Columnist Michael Cohen, in an op-ed for the New York Daily News, tells us,
essentially, that President Obama’s lie that people could keep their health
care plans if they liked them is not just defensible — because it was in
service to the greater good of imposing Obamacare on an otherwise unwilling
populace — but darn near laudable.
Obama is to be praised for having the courage to deceive us because we are
not enlightened enough to know what is in our best interests. The headline
of the column is “Behind Obama’s lie, our own immaturity.” The subhead digs
the knife in further: “We can’t handle the truth.”
Where would we be without the superior wisdom of liberals and their
altruistic willingness to engage in fraudulent coercion to speed us along
the evolutionary food chain?
After conceding that Obama uttered this lie at least 34 times, Cohen
admonishes us that “before we fully castigate the President for his
rhetorical flights of fancy, it’s important to keep in mind that Obama was
— to a large degree — telling Americans what they wanted to hear.

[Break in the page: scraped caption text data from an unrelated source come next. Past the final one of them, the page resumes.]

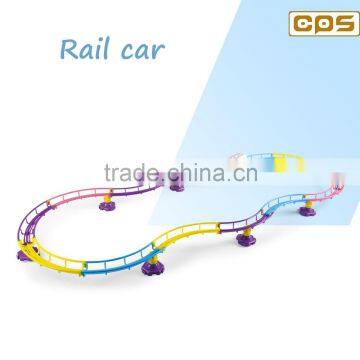 Great Hot Sale Long Ring Classi Railway with Light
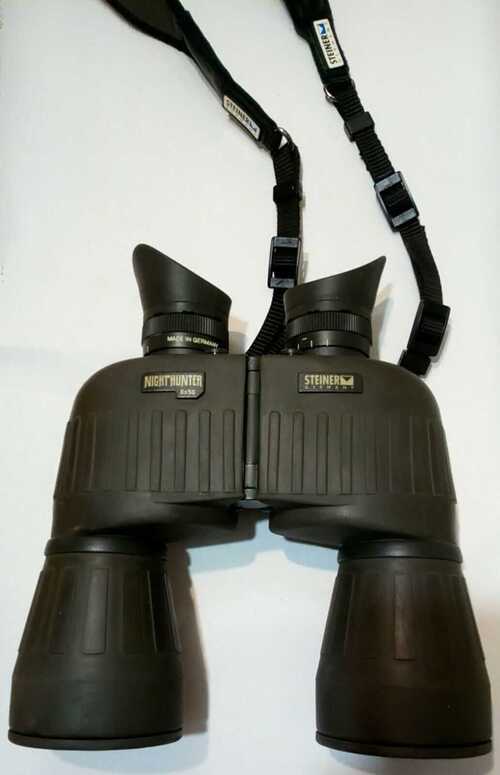 Steiner NightHunter 8x56 Binoculars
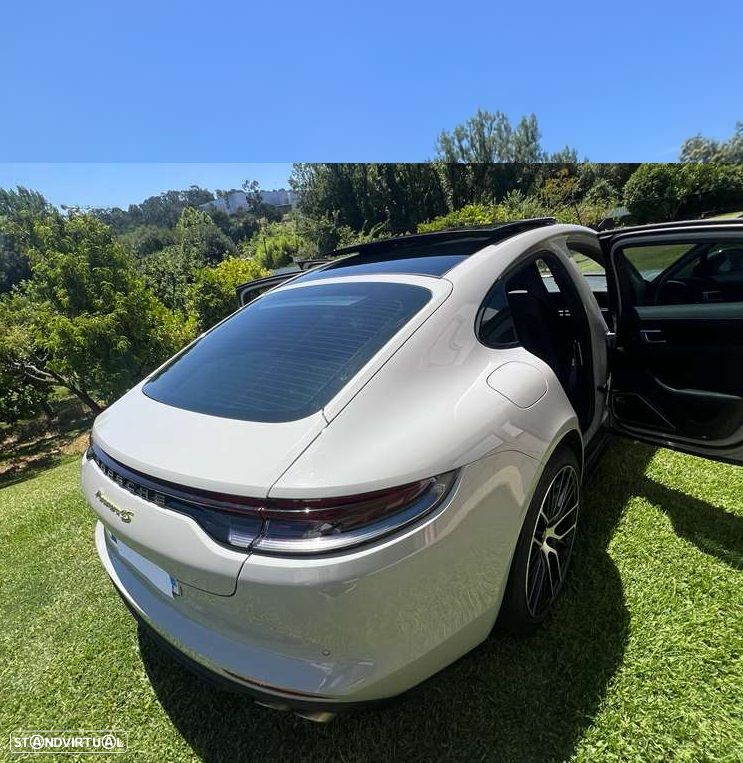 Porsche Panamera 4S E-Hybrid - 21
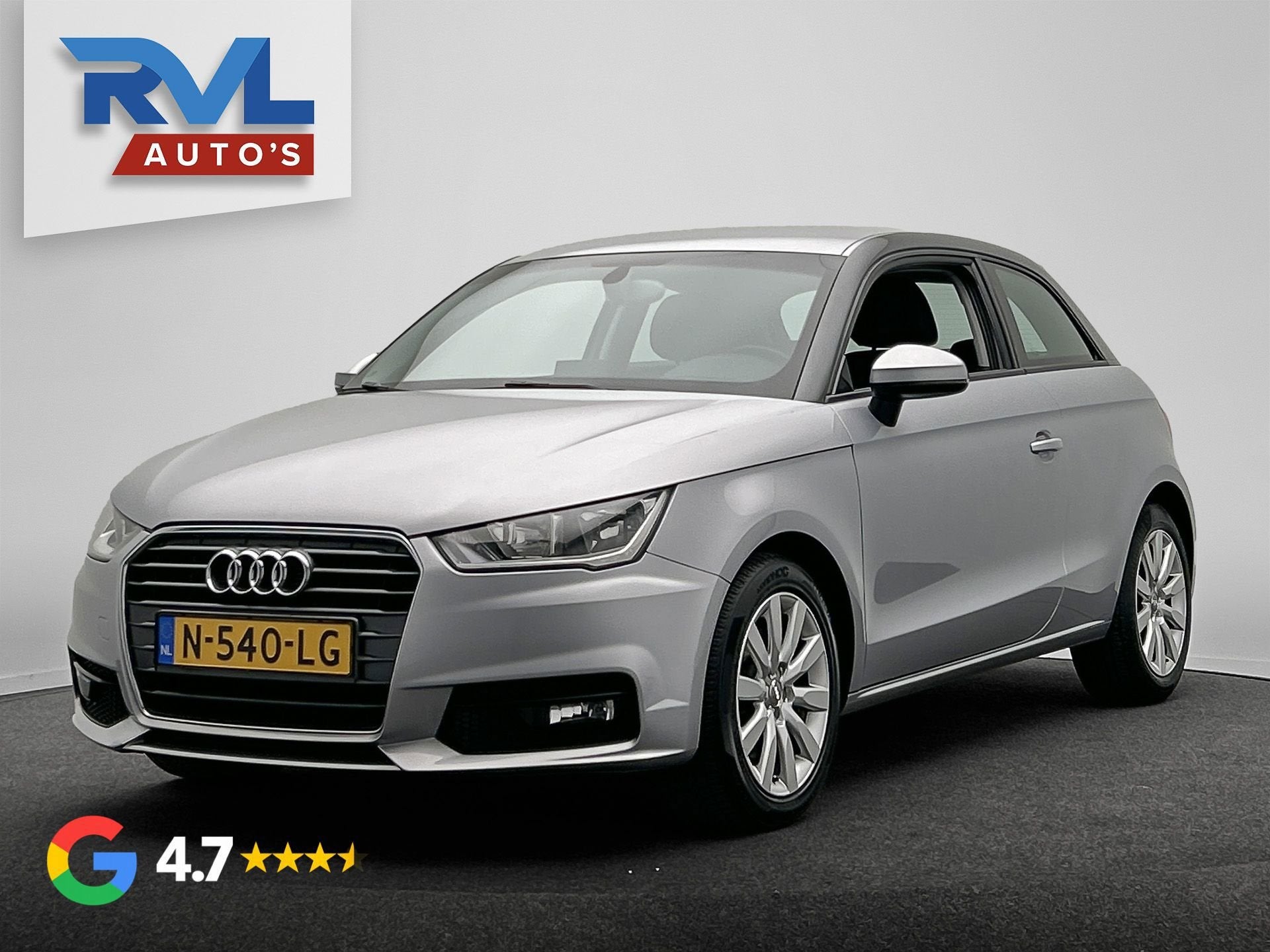 Audi A1 1.4 TFSI Design Pro Line Plus | PDC | Climate-contro, Auto's, Audi, Voorwielaandrijving, 4 cilinders, 4 stoelen, 1055 kg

In fact,
he was giving them the type of comforting assurances they insist upon
getting before backing any major policy change from Washington.”
Well then, by all means, all praise to Barack, the benevolent deceiver in
chief, for his comforting assurances. Though Americans may not be fully
aware of it, deep down they want their leaders to trick them with promises
of better things because otherwise, they would never have the sense to
embrace the far-reaching reforms that only liberal academics and community
organizers fully comprehend.
Cohen goes on to argue that though Obamacare “is the most far-reaching
piece of social policy since the Great Society … most Americans are
largely unaffected by it.” And “this was not accidental.” No, the plan was
“minimally invasive,” because “politicians knew Americans would never go
along with reform if they saw it as something that would disrupt their own
lives.”
Let’s unpack this a bit, shall we?
In the first place, Obama’s assurance wasn’t just an innocuous case of
over-promising or a “rhetorical flight of fancy.” We now know that when
Obama made the promise, he was fully aware that as many as 93 million people
could lose their plans.
Is that an insignificant number — “minimally invasive”? If so, then how do
you explain Obama’s obsession with overhauling our entire health care system
even though only 10 million Americans were falling through the cracks with
the existing system, not 48 million as he repeatedly claimed — his first
big Obamacare lie?
So, is Cohen telling us that 93 million is an insignificant number but 10
million is not? No, he’s adopting another Obama lie that only 5 percent of
the population — not 93 million, which would be closer to 27 percent — is
being affected by his “you can keep it” lie.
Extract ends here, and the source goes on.